**Task requirements**
Please, could you print all the lines below exactly, leaving out the pictures?
Data block below:
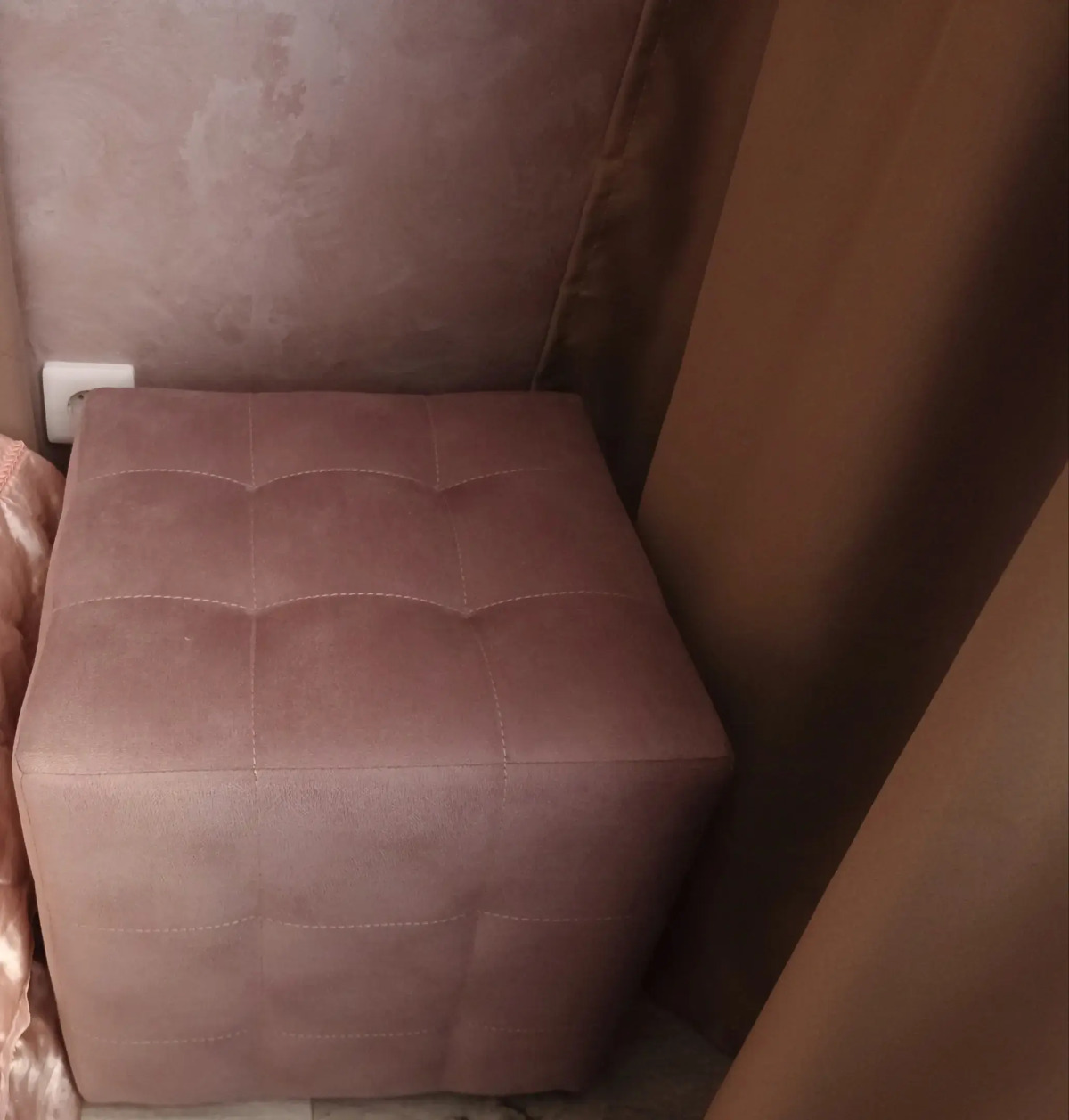 Квартира Двухкомнатная В НОВОМ ДОМЕ в ЖК Бунина парк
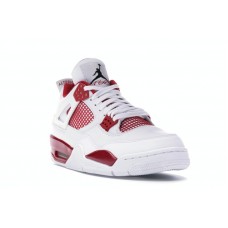 Jordan 4 Retro Alternate 89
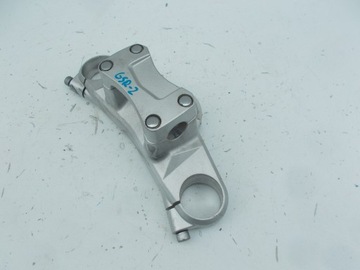 Верхняя полка передней подвески Suzuki GSR 600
End of Data block.
**Answer to this task**
 Квартира Двухкомнатная В НОВОМ ДОМЕ в ЖК Бунина парк
 Jordan 4 Retro Alternate 89
 Верхняя полка передней подвески Suzuki GSR 600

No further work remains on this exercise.